Small Business

Obstacles to Product Liability Insurance


To insure a startup whose product seems risky, inventors should research agents and brokers, get multiple quotes, and prepare financials and testimonials

I'm a paramedic who has developed a new, nondiagnostic product for use by first responders. I'm looking for product liability insurance, but in shopping around, I've been asked for crazy stuff like $10,000 in premiums and a list of all my assets. The broker says I would have to sign a contract and pay for coverage before I got a copy of the policy for my lawyer to examine. Is this normal, or am I getting taken for a ride?—N.A.B., St. Louis It sounds like you're getting something of a runaround. It could be that your broker is dealing with large insurance companies that don't want to bother with a startup company like yours.
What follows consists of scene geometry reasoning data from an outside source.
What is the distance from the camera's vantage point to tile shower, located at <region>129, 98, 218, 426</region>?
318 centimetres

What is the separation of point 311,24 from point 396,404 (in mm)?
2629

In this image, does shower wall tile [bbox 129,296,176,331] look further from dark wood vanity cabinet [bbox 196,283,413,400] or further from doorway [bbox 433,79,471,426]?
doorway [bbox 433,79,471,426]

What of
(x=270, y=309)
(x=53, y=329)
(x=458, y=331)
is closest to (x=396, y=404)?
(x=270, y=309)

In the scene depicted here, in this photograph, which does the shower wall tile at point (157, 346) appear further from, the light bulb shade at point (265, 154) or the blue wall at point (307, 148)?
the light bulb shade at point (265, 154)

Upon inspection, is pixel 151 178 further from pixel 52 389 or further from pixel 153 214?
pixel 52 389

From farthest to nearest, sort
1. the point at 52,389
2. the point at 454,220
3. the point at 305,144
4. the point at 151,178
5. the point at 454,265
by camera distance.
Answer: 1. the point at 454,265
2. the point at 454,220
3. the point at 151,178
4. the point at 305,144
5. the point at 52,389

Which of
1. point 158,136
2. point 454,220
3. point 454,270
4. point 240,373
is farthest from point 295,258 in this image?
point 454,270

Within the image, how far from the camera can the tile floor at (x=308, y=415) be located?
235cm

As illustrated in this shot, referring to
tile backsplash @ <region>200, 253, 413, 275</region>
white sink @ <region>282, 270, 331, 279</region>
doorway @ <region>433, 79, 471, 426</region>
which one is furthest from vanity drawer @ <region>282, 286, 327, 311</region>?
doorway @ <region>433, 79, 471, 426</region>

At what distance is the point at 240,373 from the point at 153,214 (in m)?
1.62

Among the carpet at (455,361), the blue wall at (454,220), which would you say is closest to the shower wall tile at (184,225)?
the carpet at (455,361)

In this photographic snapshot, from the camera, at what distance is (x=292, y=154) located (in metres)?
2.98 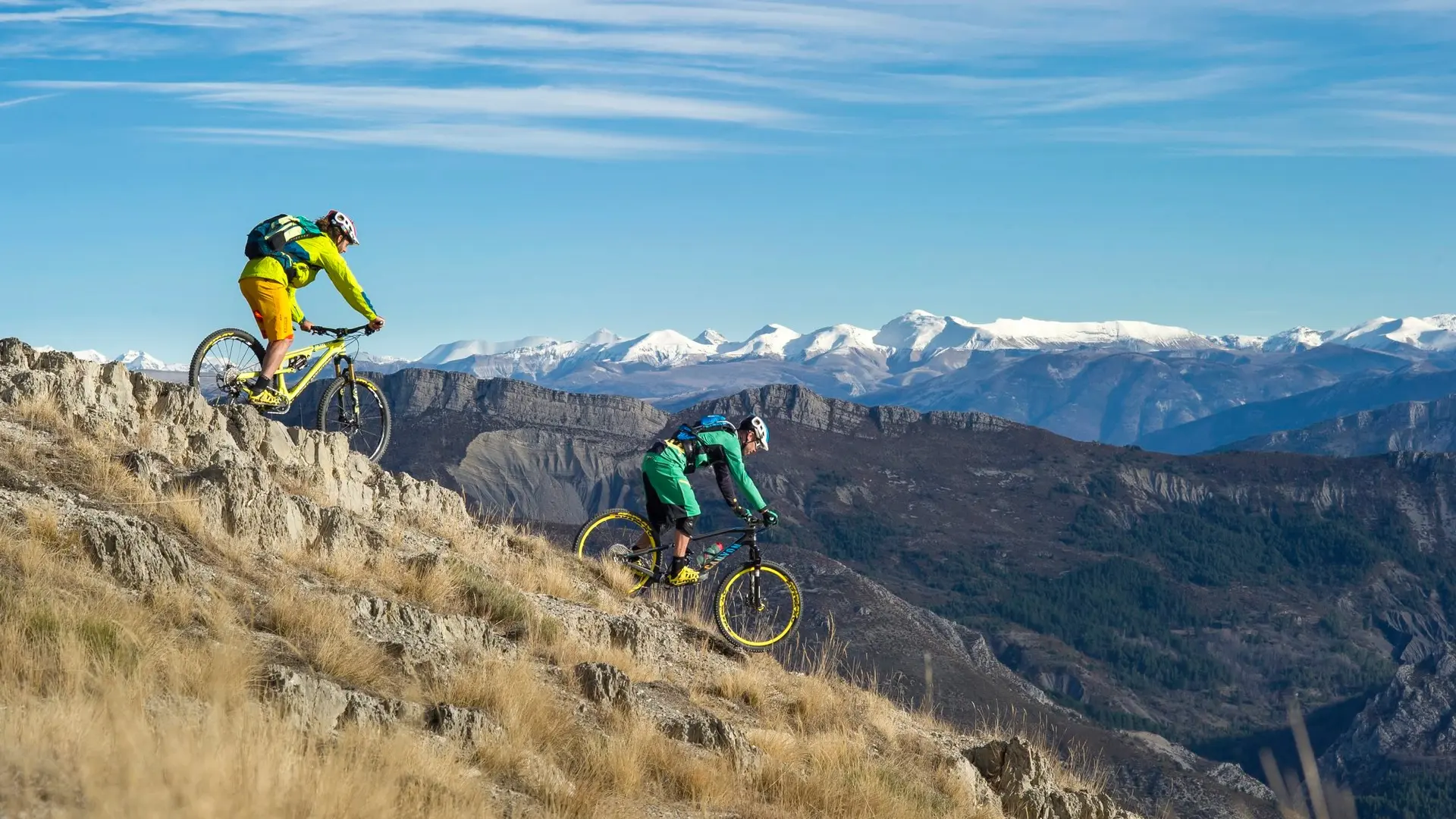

Or it could be he's contacting agencies that aren't familiar with medical products coverage and don't want to get into it. "If your broker is not taking this seriously, that may be why you're not getting a good response," says Bill Feldhaus, associate professor of risk management and insurance at Georgia State University's Robinson College of Business. "You need to find an agent who will take your idea to a wholesaler who has access to smaller, specialty insurers who are already in the health-care sector doing medical devices." Talk to some new agents or independent brokers and see if you get a better response. "With a broker, you're probably going to have to pay a fee for their services," says Jane L. Cline, president of the National Association of Insurance Commissioners and West Virginia's insurance commissioner. "With an independent agent or an agent that represents only one company, you generally will not pay a fee." Before you pick a policy, get quotes from several companies. And always call your state insurance department to confirm that your broker, agent, and insurance company are licensed to sell insurance in your state, Cline says. Your state officials can also tell you what information is required to be provided to you. Most companies will provide a "specimen copy" of your policy before your sign on the dotted line. "All policies contain limitations and exclusions, and without reviewing the actual policy wording, you could be purchasing a policy that may specifically exclude the risk that creates the concern," says Richard B. Hagemeier, executive vice-president of Bolton & Co., an insurance broker in Pasadena, Calif. Concerns About Your Assets

It's not unusual for a startup entrepreneur to be asked for financial information before a policy is sold, so that's probably what's behind the request for a list of your personal assets. "Many underwriters want to review the financial condition of an insured. If a business does not have adequate funding to support its operations, there is a temptation to reduce costs on materials or testing, which can place the insurance company at greater risk," Hagemeier says. It may help you to prepare a business plan and solicit testimonials about your product's effectiveness, Feldhaus says. "Since you're working in the industry, you should be able to go to some organizations or local paramedic departments and ask them to field test your product." If they find it useful, get some quotes from beta testers as to the utility, effectiveness, and demand for the product. "Anytime you can get independent confirmation of your idea, it's good," says Feldhaus. "Insurance companies that might be skeptical and aren't sure how to price the risk could be positively influenced by good feedback." While $10,000 a year sounds excessive, pricing for life science products varies sharply, depending on the degree of risk involved. "Product liability policies can vary from as little as $1,000 a year up to tens of thousands or more, depending on the type of product and annual sales," says Tim Gaspar, founder of Gaspar Insurance in Los Angeles. "For most startups, the premium is less than $5,000, unless for some reason this product has 'lawsuit' written all over it," he says. Something that might be named in litigation—such as a new neck brace or back board design—could easily rack up a $7,500 to $10,000 premium, Hagemeier says. "We have life science underwriters that provide minimum premiums in the $5,000 range," he explains, "but the risk must be extremely low to qualify." Along with product liability insurance, don't forget that you may also need general liability, property, or workers' compensation coverage, depending on your company's needs. Check out the NAIC's Insure U for Small Business site to help determine what kind of coverage is best for your new business.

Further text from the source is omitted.